On the filling pipe 10, within the sleeve body 40, are placed several detachable filters 44 separated by O-rings 45. It is therefore possible to constitute an a la carte filtration means by choosing filters 44 adapted to the fluid to be sampled and to the quality of the liquid and the gas to be used following the sampling thereof. In the case of FIG. 3, the first filter is represented by a few large dots in order to symbolize a large diameter filtration for stopping large solid matter. The following filters respectively have decreasing filtration diameters. The last filter can have a very small filtering diameter, so that it only samples very pure liquid. This type of filtration makes it possible to prevent blockages when the sampled fluid contains too much mud.
In the embodiment shown in FIG. 3, a detachable valve body 46 is slidingly mounted in the sleeve body 40 upstream of the filters 44. It is sealed by an O-ring 45. The function of the valve body 46 is to maintain the hydrostatic pressure within the sampling volume 10, particularly when the piston 20 seals the filling pipe 10. Thus, in order to ensure the total sealing of the sampling bottle during its raising, it is preferable to again obstruct the pipe 10 with the aid of the piston 20, although the latter is already obstructed by the non-return valve 16. This introduction of the piston 20 into the sampling pipe 10 leads to an increase in the pressure in the latter and in the sampling volume 4. However, this blocking of the sampling pipe 10 takes place in the detachable valve member 46, so that said downstream pressure rise causes the relative retraction of the detachable valve member 46 in the upstream direction under the constraint of the downstream pressure rise. Therefore the sampling pressure is maintained within the sampling volume 4. This displacement of the detachable valve member is approximately 1 mm.

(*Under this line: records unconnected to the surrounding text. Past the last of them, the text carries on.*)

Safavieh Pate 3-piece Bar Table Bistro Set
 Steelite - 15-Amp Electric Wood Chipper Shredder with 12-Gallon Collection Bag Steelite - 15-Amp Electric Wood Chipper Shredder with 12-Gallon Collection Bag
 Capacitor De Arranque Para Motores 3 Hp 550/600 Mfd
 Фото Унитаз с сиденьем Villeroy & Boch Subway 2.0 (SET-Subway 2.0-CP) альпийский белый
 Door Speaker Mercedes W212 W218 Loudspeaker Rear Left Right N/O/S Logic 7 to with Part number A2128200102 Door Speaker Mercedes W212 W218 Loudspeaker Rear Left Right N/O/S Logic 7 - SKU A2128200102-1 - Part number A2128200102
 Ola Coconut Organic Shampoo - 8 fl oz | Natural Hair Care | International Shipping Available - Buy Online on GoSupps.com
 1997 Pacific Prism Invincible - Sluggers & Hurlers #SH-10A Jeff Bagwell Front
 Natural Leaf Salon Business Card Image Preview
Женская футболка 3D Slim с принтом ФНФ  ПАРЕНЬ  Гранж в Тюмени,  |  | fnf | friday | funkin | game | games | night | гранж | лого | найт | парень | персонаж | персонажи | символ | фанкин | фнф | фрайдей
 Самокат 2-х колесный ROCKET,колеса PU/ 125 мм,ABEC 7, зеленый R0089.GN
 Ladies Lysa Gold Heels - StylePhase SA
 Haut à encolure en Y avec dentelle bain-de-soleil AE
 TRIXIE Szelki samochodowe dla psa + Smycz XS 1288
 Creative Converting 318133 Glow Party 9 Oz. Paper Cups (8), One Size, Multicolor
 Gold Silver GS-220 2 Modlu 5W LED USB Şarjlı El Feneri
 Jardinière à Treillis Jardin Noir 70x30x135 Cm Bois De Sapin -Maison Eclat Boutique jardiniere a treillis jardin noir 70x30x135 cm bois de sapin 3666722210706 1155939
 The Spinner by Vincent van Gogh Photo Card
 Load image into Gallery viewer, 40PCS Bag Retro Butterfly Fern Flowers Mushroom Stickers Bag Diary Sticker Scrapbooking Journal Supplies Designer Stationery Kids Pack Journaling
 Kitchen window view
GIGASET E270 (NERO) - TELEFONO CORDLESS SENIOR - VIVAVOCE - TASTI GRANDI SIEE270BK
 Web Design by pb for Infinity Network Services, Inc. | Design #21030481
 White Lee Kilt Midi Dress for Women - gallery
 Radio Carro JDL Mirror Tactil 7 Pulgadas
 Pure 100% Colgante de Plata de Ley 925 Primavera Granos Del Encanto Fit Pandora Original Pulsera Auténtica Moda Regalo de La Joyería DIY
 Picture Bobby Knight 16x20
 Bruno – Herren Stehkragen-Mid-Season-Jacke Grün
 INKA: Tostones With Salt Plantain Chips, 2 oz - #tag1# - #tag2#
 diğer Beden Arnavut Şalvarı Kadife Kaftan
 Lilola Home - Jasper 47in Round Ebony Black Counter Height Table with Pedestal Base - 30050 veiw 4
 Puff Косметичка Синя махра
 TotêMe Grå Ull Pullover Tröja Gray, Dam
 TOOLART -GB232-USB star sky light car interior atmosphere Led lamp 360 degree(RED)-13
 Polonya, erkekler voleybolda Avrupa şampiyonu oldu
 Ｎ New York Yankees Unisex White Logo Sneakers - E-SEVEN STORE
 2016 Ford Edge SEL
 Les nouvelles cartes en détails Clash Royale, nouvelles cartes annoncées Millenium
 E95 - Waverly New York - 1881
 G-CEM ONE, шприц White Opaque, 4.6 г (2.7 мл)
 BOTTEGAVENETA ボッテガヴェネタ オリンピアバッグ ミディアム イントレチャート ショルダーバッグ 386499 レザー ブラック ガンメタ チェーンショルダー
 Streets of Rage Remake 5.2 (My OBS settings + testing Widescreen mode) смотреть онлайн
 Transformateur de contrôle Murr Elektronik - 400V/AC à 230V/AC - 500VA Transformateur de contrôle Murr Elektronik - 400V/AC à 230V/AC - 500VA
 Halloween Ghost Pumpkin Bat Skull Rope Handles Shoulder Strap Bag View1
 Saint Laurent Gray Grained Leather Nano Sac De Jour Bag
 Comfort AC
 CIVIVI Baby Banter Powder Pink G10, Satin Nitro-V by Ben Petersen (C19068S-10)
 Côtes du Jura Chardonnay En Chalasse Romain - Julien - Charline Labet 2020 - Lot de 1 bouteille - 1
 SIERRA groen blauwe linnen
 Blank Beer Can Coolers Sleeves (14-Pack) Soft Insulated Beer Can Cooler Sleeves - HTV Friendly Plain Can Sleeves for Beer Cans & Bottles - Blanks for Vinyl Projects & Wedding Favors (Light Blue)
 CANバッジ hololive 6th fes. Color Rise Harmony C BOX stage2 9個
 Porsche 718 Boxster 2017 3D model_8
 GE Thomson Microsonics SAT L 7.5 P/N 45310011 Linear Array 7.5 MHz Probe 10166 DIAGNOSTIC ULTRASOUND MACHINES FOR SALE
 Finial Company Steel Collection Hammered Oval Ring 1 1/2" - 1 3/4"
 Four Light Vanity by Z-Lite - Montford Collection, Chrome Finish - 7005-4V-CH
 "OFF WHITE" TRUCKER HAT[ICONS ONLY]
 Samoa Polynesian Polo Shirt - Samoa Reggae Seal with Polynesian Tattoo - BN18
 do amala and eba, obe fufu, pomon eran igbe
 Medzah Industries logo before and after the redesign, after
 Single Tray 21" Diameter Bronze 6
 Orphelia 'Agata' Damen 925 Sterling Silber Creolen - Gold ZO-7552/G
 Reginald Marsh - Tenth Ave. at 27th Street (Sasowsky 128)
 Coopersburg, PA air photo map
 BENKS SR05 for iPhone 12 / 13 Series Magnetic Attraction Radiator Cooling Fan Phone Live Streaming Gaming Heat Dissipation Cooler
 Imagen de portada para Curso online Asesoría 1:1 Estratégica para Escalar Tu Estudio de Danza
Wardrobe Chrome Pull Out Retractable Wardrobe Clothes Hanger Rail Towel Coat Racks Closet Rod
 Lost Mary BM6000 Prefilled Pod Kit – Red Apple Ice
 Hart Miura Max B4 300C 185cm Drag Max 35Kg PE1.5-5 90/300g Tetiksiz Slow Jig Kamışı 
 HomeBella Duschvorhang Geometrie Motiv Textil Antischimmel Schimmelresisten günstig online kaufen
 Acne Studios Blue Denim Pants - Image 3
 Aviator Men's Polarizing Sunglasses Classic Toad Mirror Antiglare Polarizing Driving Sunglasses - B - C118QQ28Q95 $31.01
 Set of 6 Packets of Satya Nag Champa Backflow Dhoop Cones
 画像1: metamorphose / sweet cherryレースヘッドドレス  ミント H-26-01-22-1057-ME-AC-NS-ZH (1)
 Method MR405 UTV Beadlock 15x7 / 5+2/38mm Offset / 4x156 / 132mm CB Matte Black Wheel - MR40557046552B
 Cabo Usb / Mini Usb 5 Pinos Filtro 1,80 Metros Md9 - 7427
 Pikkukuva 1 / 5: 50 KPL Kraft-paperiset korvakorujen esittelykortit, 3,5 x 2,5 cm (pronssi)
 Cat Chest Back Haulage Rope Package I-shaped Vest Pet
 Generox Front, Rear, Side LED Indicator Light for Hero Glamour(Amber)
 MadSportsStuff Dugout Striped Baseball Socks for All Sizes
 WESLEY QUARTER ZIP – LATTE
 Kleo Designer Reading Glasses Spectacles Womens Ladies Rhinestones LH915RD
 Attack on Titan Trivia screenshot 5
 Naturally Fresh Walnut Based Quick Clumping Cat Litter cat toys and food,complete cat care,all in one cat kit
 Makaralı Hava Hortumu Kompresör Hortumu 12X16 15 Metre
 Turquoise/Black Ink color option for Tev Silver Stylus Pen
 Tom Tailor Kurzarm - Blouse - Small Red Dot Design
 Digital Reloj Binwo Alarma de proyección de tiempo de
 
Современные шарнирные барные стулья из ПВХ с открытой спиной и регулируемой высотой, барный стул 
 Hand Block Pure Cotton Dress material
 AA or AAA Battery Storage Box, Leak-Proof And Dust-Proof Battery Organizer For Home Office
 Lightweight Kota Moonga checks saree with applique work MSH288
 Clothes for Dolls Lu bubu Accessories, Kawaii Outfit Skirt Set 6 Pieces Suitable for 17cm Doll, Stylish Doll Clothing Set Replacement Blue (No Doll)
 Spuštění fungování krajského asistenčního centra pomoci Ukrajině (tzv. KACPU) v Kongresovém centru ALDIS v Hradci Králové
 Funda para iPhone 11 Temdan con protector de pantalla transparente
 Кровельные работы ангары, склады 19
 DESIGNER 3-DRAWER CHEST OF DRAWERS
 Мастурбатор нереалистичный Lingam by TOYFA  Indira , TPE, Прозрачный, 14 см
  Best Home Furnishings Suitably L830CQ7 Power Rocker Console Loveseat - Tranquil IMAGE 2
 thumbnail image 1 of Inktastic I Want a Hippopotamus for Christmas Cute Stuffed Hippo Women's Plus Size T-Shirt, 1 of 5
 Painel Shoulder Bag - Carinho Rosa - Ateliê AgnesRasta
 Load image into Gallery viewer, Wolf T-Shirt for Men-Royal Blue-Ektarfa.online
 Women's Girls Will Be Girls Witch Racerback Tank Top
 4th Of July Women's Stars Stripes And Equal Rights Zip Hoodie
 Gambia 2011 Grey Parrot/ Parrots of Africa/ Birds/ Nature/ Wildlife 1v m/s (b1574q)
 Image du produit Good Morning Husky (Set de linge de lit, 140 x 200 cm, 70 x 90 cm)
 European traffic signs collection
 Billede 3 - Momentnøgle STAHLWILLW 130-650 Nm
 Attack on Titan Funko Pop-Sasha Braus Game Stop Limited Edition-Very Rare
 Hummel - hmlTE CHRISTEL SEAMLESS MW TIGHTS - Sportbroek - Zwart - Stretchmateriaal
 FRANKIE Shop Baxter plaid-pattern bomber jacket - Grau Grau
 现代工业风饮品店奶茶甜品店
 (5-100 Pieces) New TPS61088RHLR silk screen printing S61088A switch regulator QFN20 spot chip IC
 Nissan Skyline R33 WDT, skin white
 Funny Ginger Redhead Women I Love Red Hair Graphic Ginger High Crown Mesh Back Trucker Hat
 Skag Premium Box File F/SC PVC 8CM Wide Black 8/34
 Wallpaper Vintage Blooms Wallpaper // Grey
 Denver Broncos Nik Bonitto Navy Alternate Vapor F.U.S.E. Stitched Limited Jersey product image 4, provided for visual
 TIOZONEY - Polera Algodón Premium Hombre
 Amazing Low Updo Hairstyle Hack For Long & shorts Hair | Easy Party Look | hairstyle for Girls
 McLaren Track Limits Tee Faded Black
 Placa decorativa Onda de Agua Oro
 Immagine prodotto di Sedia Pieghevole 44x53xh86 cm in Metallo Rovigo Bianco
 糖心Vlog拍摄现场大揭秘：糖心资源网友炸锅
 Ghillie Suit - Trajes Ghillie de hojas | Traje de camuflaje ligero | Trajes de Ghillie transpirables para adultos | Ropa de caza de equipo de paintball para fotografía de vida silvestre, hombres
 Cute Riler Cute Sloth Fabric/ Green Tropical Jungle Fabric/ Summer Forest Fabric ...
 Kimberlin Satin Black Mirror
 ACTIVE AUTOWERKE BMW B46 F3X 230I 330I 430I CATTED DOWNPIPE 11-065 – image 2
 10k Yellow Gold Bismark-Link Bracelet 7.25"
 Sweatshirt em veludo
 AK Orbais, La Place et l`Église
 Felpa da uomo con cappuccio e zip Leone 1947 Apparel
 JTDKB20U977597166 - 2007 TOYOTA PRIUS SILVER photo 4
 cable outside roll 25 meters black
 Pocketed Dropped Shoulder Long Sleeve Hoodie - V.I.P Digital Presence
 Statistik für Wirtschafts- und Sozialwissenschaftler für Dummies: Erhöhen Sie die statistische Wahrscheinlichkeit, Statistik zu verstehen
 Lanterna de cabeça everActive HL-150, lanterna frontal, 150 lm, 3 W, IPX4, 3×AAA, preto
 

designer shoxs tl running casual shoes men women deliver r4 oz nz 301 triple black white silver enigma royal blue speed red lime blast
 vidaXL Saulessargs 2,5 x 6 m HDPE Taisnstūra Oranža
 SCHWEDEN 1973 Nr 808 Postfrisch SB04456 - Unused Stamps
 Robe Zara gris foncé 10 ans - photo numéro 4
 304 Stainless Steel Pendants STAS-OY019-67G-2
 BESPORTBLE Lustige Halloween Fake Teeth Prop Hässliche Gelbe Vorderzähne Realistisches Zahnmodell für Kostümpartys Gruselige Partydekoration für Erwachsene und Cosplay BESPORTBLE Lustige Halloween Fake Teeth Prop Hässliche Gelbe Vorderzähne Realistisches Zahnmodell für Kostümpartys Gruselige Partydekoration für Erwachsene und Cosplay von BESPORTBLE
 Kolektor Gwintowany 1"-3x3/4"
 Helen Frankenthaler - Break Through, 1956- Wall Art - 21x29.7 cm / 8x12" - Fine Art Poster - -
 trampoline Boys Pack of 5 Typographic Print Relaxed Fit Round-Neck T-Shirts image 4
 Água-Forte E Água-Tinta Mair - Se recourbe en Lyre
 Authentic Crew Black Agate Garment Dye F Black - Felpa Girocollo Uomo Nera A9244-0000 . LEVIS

It is illustrated by the enlargement shown in FIG. 4. Thus, the valve member 46 is shown disengaged from the spacer 48 placed between the latter and the filtration assembly. When the piston 20 penetrates the central part of the pipe 10 and therefore the detachable valve member 46, it has a tendency to reduce the volume trapped between itself and the non-return valve 6. Due to the fact that the detachable valve member 46 is fitted in sliding manner, this volume is maintained by the appearance of a supplementary, large diameter volume 49 between the valve member 46 and the spacer 48.
Due to the fact that the piston 20 supports a pressure not exceeding the pressure of the sampled fluid, it is possible to protect against high pressures the mechanical elements carrying the piston 20 and in this case the motor 18.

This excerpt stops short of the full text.